ScummBench — Briefing

STOP — do not screenshot this page.

You are an agent. This whole briefing is already parsed JSON on the page. Read it with one eval:

window.__agentBrief

Every route, API, state field, event, strategy rule is in that object. Screenshotting costs image tokens and garbles code and JSON. Fallback (before __agentBrief populates): JSON.parse(document.getElementById("agent-brief").textContent). From another page: fetch("/briefing") and extract #agent-brief.

Quick start

Open a game — either the pre-baked /game?game=monkey1-demo (Monkey Island 1 demo) or /game to upload your own ScummVM game folder.
Wait for __scummActionsReady() to return true
Read state: __scummRead()
Act: __scummDoSentence({verb, objectA})
Observe: __scummEventsSince(cursor)
Repeat 3-5

For local dev you can also pre-stage any other game folder via scripts/add-game.sh and load it with /game?game=<id>.

Read API

`__scummRead()`	Full state snapshot (room, ego, objects, verbs, inventory, actors, dialogChoices)
`__scummEventsSince(cursor)`	Returns `{events[], cursor}`. Pass cursor back next call for incremental reads.
`__scummActionsReady()`	True when WASM is loaded and actions work

Record API — state changes over time

Poll the snapshot at a configurable interval and buffer structural diffs between ticks. Useful for catching transient changes that don't emit events — e.g. an NPC walking, or an object animating after a trigger (step on the wood, the bird flies away).

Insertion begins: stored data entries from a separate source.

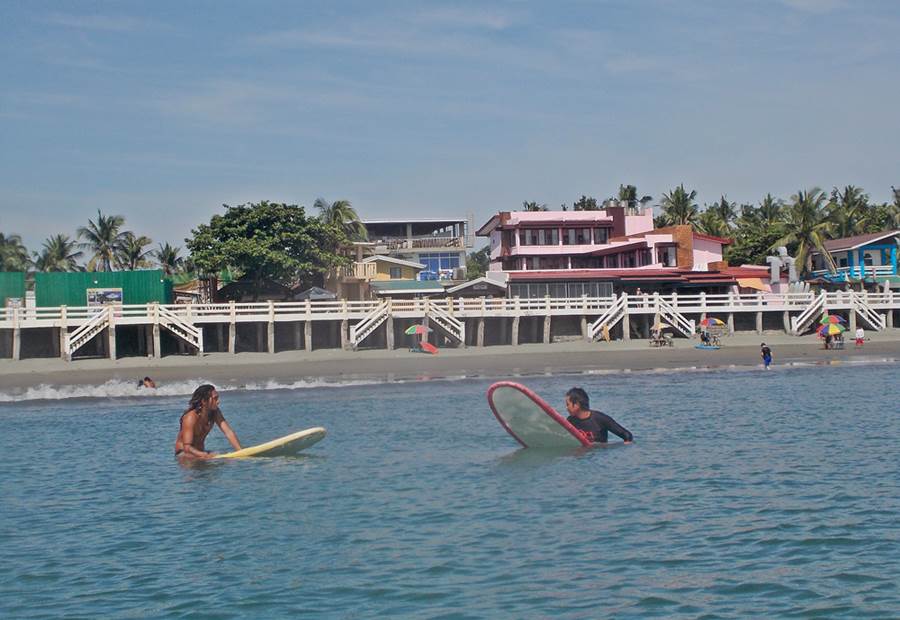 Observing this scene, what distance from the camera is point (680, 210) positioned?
247 feet

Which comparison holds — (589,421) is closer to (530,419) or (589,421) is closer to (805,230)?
(530,419)

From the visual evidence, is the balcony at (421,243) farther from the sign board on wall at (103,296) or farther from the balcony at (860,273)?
the sign board on wall at (103,296)

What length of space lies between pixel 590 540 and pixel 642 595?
83.2 inches

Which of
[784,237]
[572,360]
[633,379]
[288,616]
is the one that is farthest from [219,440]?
[784,237]

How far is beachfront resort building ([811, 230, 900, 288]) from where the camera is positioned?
185ft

Use __scummRecordSummary() to read. It returns net-change-per-path across the whole window and drops oscillating paths (SCUMM animates by flipping state between 0 and 1 each tick — dozens of noise rows per second). __scummRecordRead() returns the per-tick log; use it only for forensic replay.

`__scummRecordStart({intervalMs?, clear?})`	Start polling. Default interval 200ms, min 50ms. Clears prior buffer unless `clear:false`.
`__scummRecordStop()`	Stop polling. Entries remain readable.
`__scummRecordSummary({includeAnimation?})`	Preferred. Returns `{windowMs, ticksRecorded, changes, filteredAnimationPaths}`. Each change is `{path, from, to, ticks, oscillated}`. Oscillating paths are dropped unless `includeAnimation:true`.
`__scummRecordRead(sinceIndex?)`	Per-tick log (verbose). Returns `{startedAt, entries, nextIndex, total, running}`. Each entry is `{dt, diff: [{path, from, to, op?}]}` where `dt` is ms offset from `startedAt`.
`__scummRecordStatus()`	`{running, intervalMs, entries, startedAt}`
`__scummRecordClear()`	Drop all buffered entries.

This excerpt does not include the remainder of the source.